In Part 1 and Part 2 of this series, How To Hire Great Recruiters, we discussed the idea that great recruiting is the engine that drives an organization forward. As a result, hiring great recruiters must be one of the most critical hiring initiatives of any recruiting leader or company.
We have already presented and discussed two of the eight competencies we have to come to know predict future superior performance in a recruiter. They are:
Interaction: The ideal recruiter is able to communicate with others in a warm and helpful manner while building credibility and rapport.
Spoken Communication: The ideal recruiter is able to present information clearly through the spoken word. He or she listens well and influences others through oral presentation in either positive or negative circumstances.

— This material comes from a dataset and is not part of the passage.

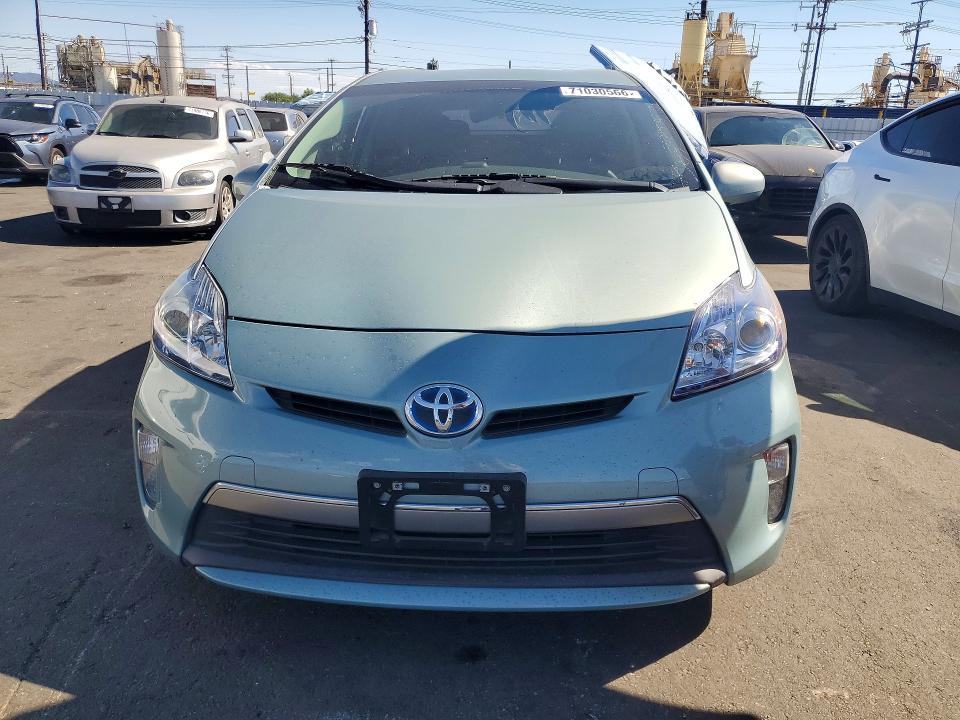 Продаж на аукціоні авто 2013 Toyota Prius Plug-in Hybrid, vin: JTDKN3DP3D3043755, номер лоту: 71030566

Now, let’s take a look at the fourth competency that can predict superior performance in a recruiter – Commitment To Task.
Commitment To Task: The great recruiter is able to start and persist with specific courses of action while exhibiting a high degree of self motivation and a sense of urgency. They are willing to commit to long hours of work and make personal sacrifice in order to reach goals.
Great recruiters are motivated and driven to succeed by a fire that burns inside them rather than a fire that is lit under them. Sure, I have long been an advocate of compensating recruiters based on performance but the drive and push that comes from being passionate about recruiting and finding great talent cannot be taught or bought. You either have it or you don't. Recruiters that have it require very few "pep talks" or motivation by any external factor. As the talent economy gets more challenging and more intense, the recruiters who possess this sense of commitment and the selfless drive to sacrifice in order to reach a goal will win and be deemed great.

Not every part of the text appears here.